I moved a remarkable amount of servers and other misc crap between offices in that Civic, now that I think about it. Which was pretty retarded since there was a company van I could have used at any time.

Once the Tucson is paid off, I'd love to replace the Civic with something sportier and from the current millenium. One day... luckily none of my employers have ever asked or cared what I drive. Apparently I'd never get a job since I don't drive a BMW :jerkbag:
My mother had a Lincoln in the late '80s that had multiple programmable presets for the mirrors and the driver's seat. How is this not a standard feature on cars in 2014?

Vulture Culture
Jul 14, 2003

I was never enjoying it. I only eat it for the nutrients.

MC Fruit Stripe posted:

For those of us who work a little quicker, is there a better gift than Outlook's delay delivery? My god do I love doing 8 hours worth of work in some subset of that, while setting emails to fire off throughout the day at appropriate times to show how hard I am working.
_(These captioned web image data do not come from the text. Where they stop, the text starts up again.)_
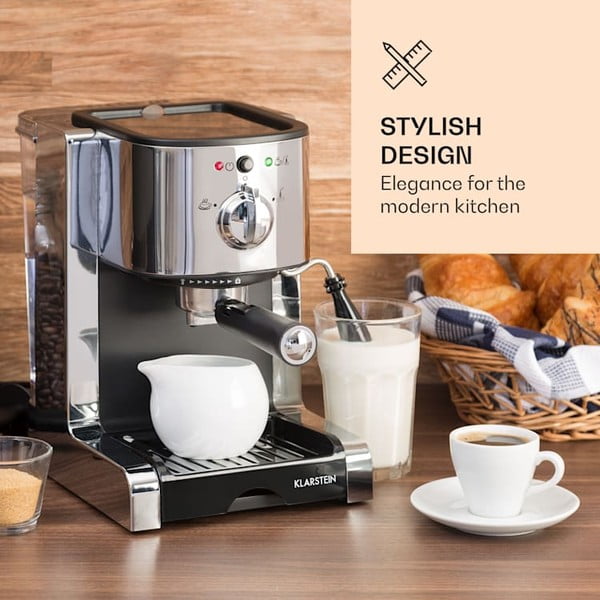 Kavos aparatas Klarstein Passionata 15-image-3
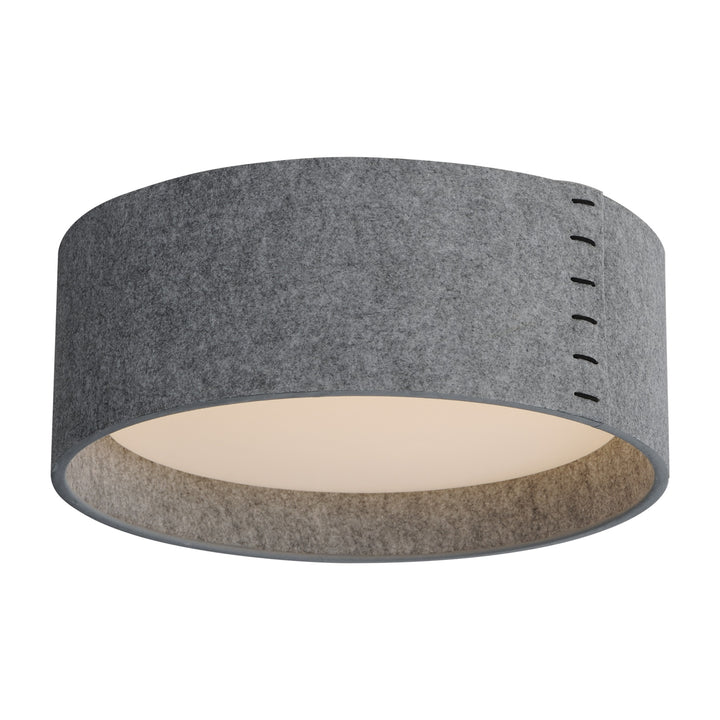 Prime Acoustic 16 LED Flush Mount by Studio M Lighting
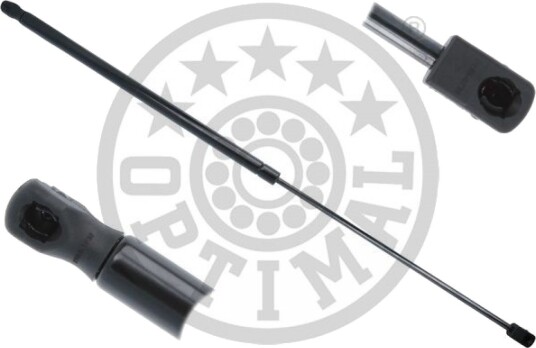 Gassfjær, panser OPTIMAL AG-51240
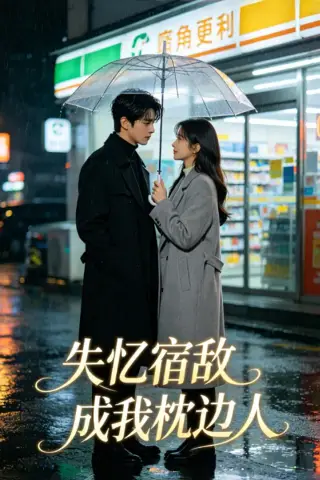 《失忆宿敌成我枕边人（13集）（夸克网盘）》短剧封面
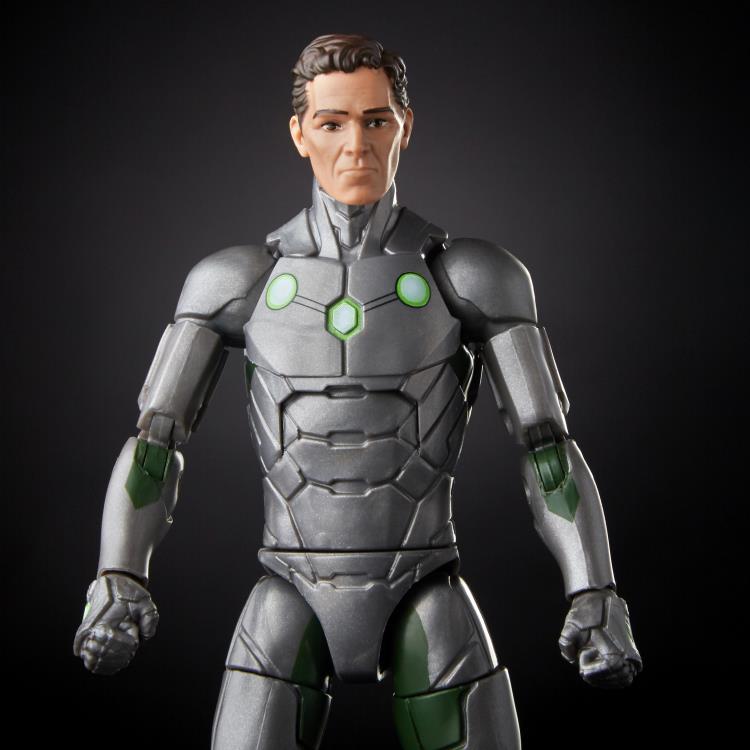 Iron Man Marvel Legends Infamous Iron Man Exclusive Action Figure Gallery Image 4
I also want to make clear that this is a parody post and I would never do such a thing.
Delay delivery is actually awesome for dealing with people who are really lovely at responding to emails that arrive while they're not at their desk.

Vulture Culture
Jul 14, 2003

I was never enjoying it. I only eat it for the nutrients.

MC Fruit Stripe posted:

Tonight is the first production code deployment in over two years that I am not a part of. The guys who are handling it are fine - a new guy with a solid baseline of knowledge, and the guy who trained me, so it's not like they're going to struggle. Still, I feel like I'm missing a limb or something, someone hold me. :(
Our dev team just did theirs last night; didn't even ask me. Awesome feeling. :)

Vulture Culture
Jul 14, 2003

I was never enjoying it. I only eat it for the nutrients.

lampey posted:

Now more than ever a degree is less important to a career in IT. If it is important at a later date there are increasingly non traditional options like WGU to get a degree.
IT isn't a profession, it's a whole industry with roles running the gamut from QA tester through CIO. Every job in the field has a completely different set of requirements even at a general level, before you dive deeper into the requirements and candidate preferences of different verticals and different job markets. This is, at best, a stupidly incomplete generalization.

Vulture Culture
Jul 14, 2003

I was never enjoying it. I only eat it for the nutrients.

NippleFloss posted:

Having a degree only getting more important in every other field in the world, why would you think that IT is the exception? Going back to school and getting a degree when you're settled in to work life is a lot less appealing than doing it when you're young and relatively free from other responsibilities.
There are certain areas where that's true. For example, the technology industry has a much healthier startup scene (quantitatively, anyway) than a majority of other fields, and most of these companies tend to be looking for young, doe-eyed professionals who fit their countercultural ideals. Software development as a profession has tended to lean heavily towards self-taught programmers, partly because many computer science curricula haven't been updated since Fred Brooks wrote 30 years ago about building one to throw away. Entry-level helpdesk positions tend not to have degree requirements because they're aimed at people in their late teens and early twenties, which confuses some people into thinking that degrees aren't useful in a desktop support or sysadmin track.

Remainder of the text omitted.